The film, which was originally released in 1971, came on the heels of other “road/youth” films at the time which were largely from the AIP (American International Pictures) Studios in the mid to late 1960s and showed young people in a more uninhibited light (bikers, juvenile delinquents, transient hippie types) than was standard fare that showcased people of that stripe in movies released by larger film companies. With the 1969 release of Easy Rider, which was distributed by Columbia, a major Hollywood studio, and to massive critical and financial success, suddenly there was an interest in these this type of genre picture, hence where Two-Lane Blacktop came in.

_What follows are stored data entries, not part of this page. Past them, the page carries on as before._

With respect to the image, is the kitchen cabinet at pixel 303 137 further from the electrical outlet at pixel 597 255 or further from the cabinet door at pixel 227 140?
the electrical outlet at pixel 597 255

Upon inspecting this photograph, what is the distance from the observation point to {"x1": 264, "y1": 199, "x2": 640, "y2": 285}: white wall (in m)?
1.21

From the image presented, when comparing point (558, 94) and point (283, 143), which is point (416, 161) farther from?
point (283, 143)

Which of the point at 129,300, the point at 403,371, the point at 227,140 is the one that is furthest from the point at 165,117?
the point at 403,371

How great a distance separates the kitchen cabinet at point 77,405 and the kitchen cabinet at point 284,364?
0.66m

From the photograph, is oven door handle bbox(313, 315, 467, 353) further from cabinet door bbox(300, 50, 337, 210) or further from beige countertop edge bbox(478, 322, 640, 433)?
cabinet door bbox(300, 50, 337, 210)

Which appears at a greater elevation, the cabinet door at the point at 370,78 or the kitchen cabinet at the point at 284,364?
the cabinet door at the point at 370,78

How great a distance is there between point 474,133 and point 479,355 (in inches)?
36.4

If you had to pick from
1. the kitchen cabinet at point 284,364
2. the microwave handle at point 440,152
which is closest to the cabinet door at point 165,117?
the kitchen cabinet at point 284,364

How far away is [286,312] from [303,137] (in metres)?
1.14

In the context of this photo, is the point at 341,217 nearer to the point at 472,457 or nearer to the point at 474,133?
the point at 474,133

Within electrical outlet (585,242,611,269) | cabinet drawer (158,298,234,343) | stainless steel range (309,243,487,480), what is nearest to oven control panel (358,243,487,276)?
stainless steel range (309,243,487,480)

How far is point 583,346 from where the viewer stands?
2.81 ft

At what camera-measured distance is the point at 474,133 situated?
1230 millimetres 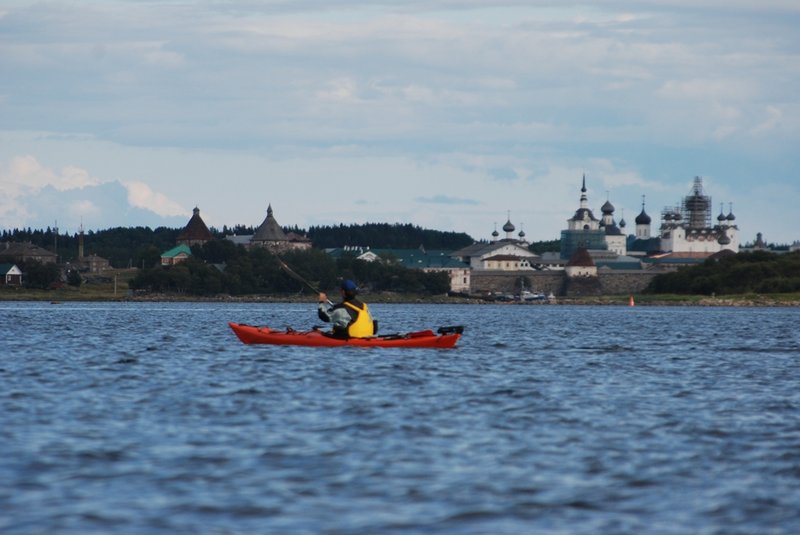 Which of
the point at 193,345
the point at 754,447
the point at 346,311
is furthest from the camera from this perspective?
the point at 193,345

But the film was a decidedly different one than the low-budget cinematic products that were playing on double and triple bill theaters coast to coast. It almost had a European sensibility about it, with a richer story, superb direction and cinematography, sparse dialogue that was almost seemingly improvised, and had three non-actors as its stars (Taylor, Wilson, and the late Laurie Bird, who plays the hitchhiker transient who almost splinters the two men). Only the late, great character actor Warren Oates (The Wild Bunch, Dillinger, Bring Me The Head Of Alfredo Garcia, Stripes) was experienced in films, and his presence lifts the majestic beauty of Two-Lane Blacktop to another level altogether, delivering a performance that although was almost largely forgotten and pretty much ignored during the film awards season that year, still stands as one of the great, wondrous, whimsically quirky performances of all-time.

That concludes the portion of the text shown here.